▸ Your objective: Here the job is to copy the data exactly and to exclude every image from it.

▸ Data section:
—————
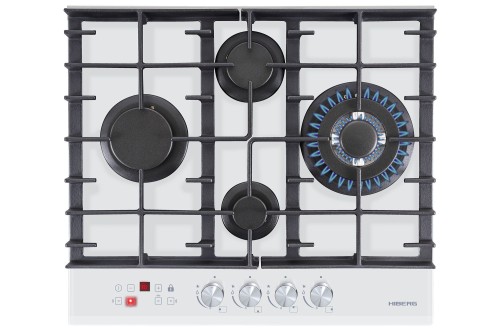 Встраиваемая газовая варочная панель Hiberg VM 6045 W Белое стекло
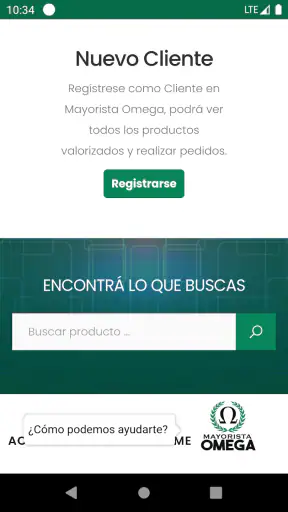 Mayorista Omega screenshot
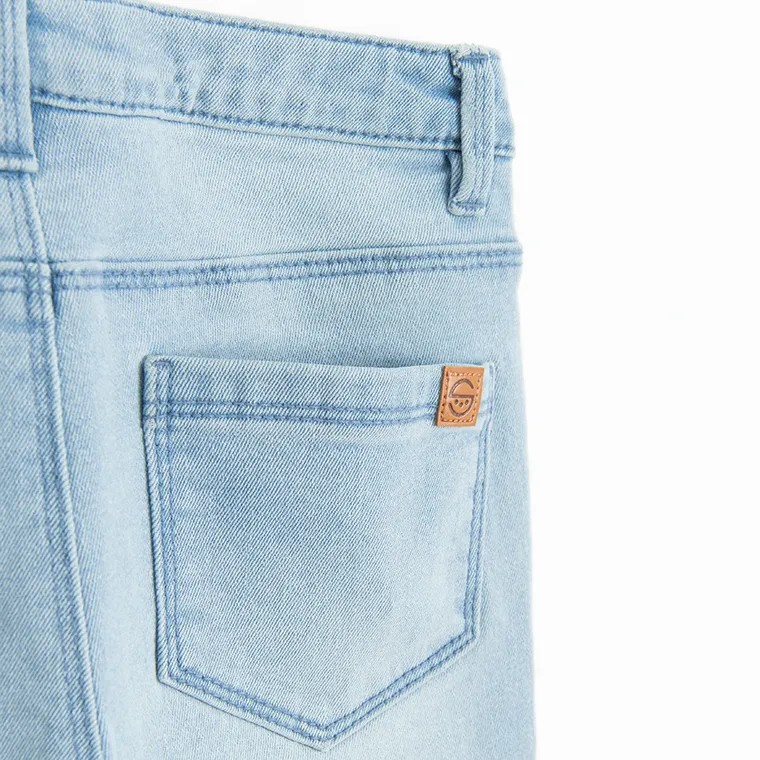 Cool Club, Blugi reglabili pentru fete, flare, albastru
—————
▸ Result for this exercise:
 Встраиваемая газовая варочная панель Hiberg VM 6045 W Белое стекло
 Mayorista Omega screenshot
 Cool Club, Blugi reglabili pentru fete, flare, albastru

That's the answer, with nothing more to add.